Wednesday, September 29, 2010

Responsibility and other depressing aspects of adulthood

There are two major decisions that I've made this past year that are, what my parents have termed, as responsible.  The right decision.  Even though I wish I could have made the wrong one.

Now, I should probably clarify: I actually made these decisions myself.  My parents, my friends, nobody forced me to make one decision over the other.  I made these decisions, which means the consequences, the actions that subsequently followed my decisions, were of my own choosing and I can't blame anyone but myself.

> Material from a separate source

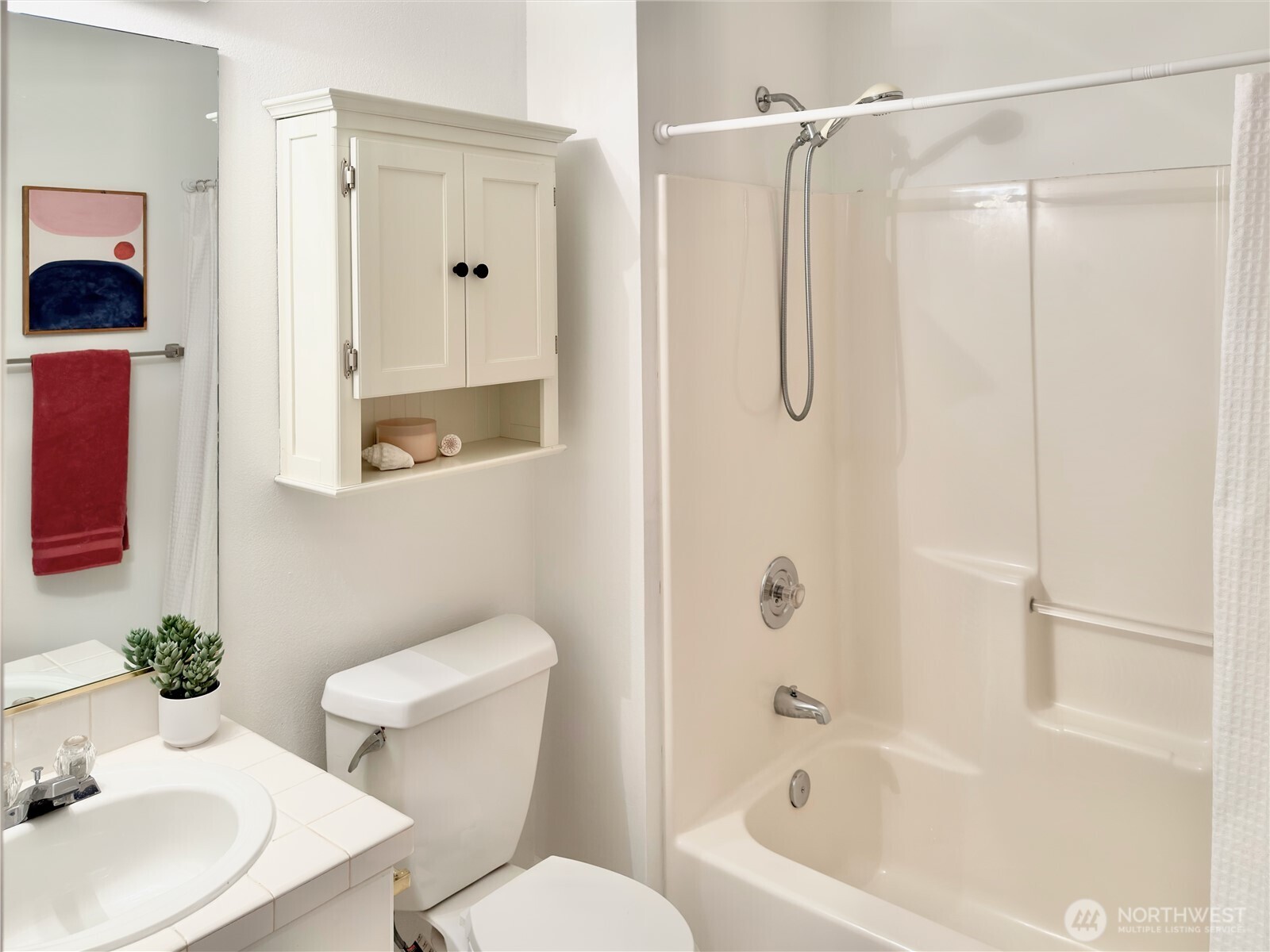 210 10th Street, Unit 4 Kirkland, WA 98033 - Photo 26 of 35 a bathroom with a sink toilet and shower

These decisions, you ask?  Well, the first one has to do with my writing: a publishing house actually offered to publish my book.  Of course, I was ecstatic.  This was my dream come true.  My mother, of course, reminded me to do some research in the company, especially since they wanted me to buy author's copies.  I had never heard of an author buying copies of their own book, and they weren't paying me anything either to publish my book.  So I looked into it, and while the publishing house is legit, it's a pretty shady establishment.  And here's the thing:  I look at my publishing house like I look at a potential boyfriend.    I'd rather be alone than in a bad relationship just like I'd rather be unpublished than published by a bad publishing company.  It sucks, but I knew it was the right decision.

My second decision was even harder because I really, really wanted this: the Eminem concert.  I've literally been counting down the days and I've been waiting - waiting - to see him in concert.  I've loved the guy since fourth grade, right?  So when tickets went on sale for this KROQ festival with him headlining, I jumped on it and bought two tickets.  No, I thought that I had seats and that he would open the festival - at noon, like the tickets said.  Well, two days beforehand, I was looking up some information on it, and it turned out that no, Eminem wasn't coming on until 745 at night, there would be no seats - standing room only -and it's in Fontana, a place I've never been to before and was at least an hour away.  In order to ensure I get good standing, I'd have to get there early and listen to bands I really don't care about.  Seriously, once I saw Eminem, I'd be heading home.  By that time - at night - people would be drunk, pressing up against me, I'm not guaranteed a good spot, spilling their alcohol on me, in a place that I'm not familiar with...  As much as I love Eminem -and I would die defending him how amazing he is - it just wasn't worth it.  So I decided not to go. 

I knew I made the right decision both times because it felt right when I made them.  I wasn't sad - bummed, sure, but not sad - and I knew something better would come along.

Like building character.

Being responsible.

An adult. 

I'm not exactly sure how I feel about this.

Well, at least my twenty-first birthday party will have a Jack Sparrow  impersonator.